What to work on: Everything from the line containing "279 Maynard Rd, Sudbury, MA 01776" through the line containing "PGB Bangau Putih" in the listing below should be copied exactly, and nothing more.

Source information:
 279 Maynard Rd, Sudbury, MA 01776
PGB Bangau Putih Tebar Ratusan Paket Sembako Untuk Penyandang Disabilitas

==

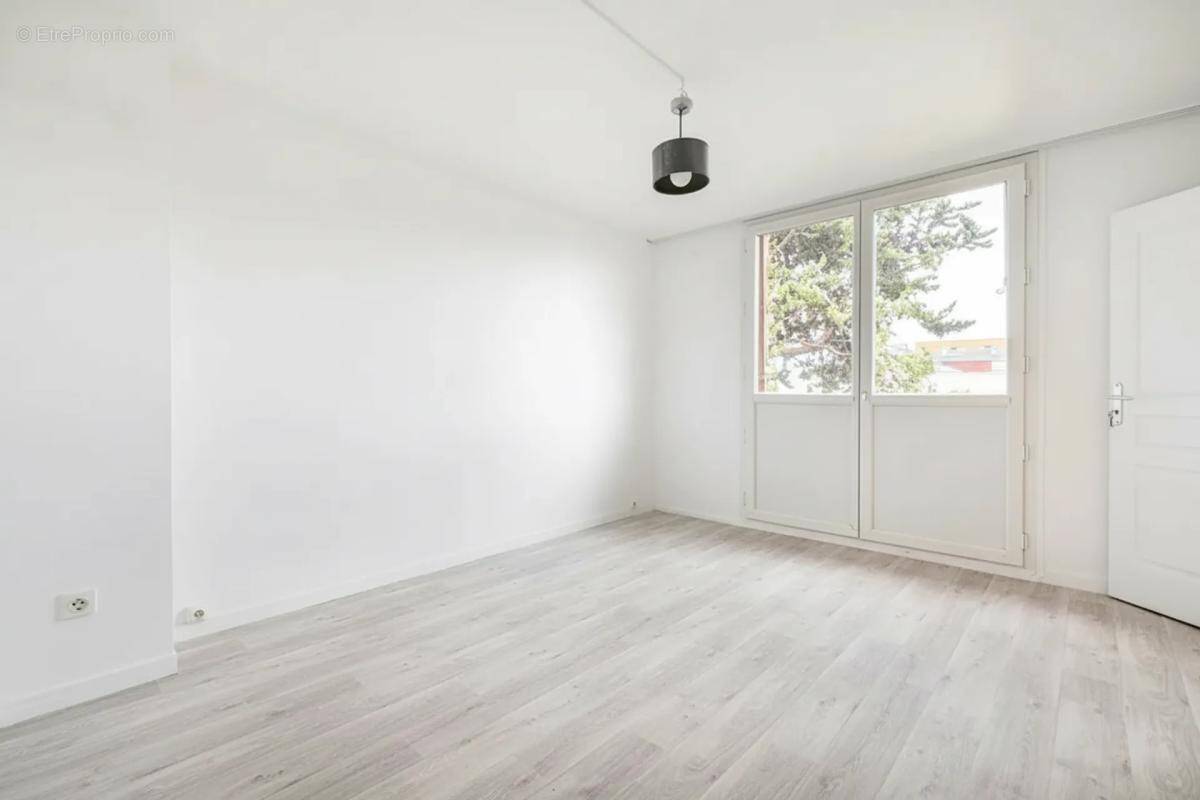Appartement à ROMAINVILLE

Response area:
 279 Maynard Rd, Sudbury, MA 01776
PGB Bangau Putih Tebar Ratusan Paket Sembako Untuk Penyandang Disabilitas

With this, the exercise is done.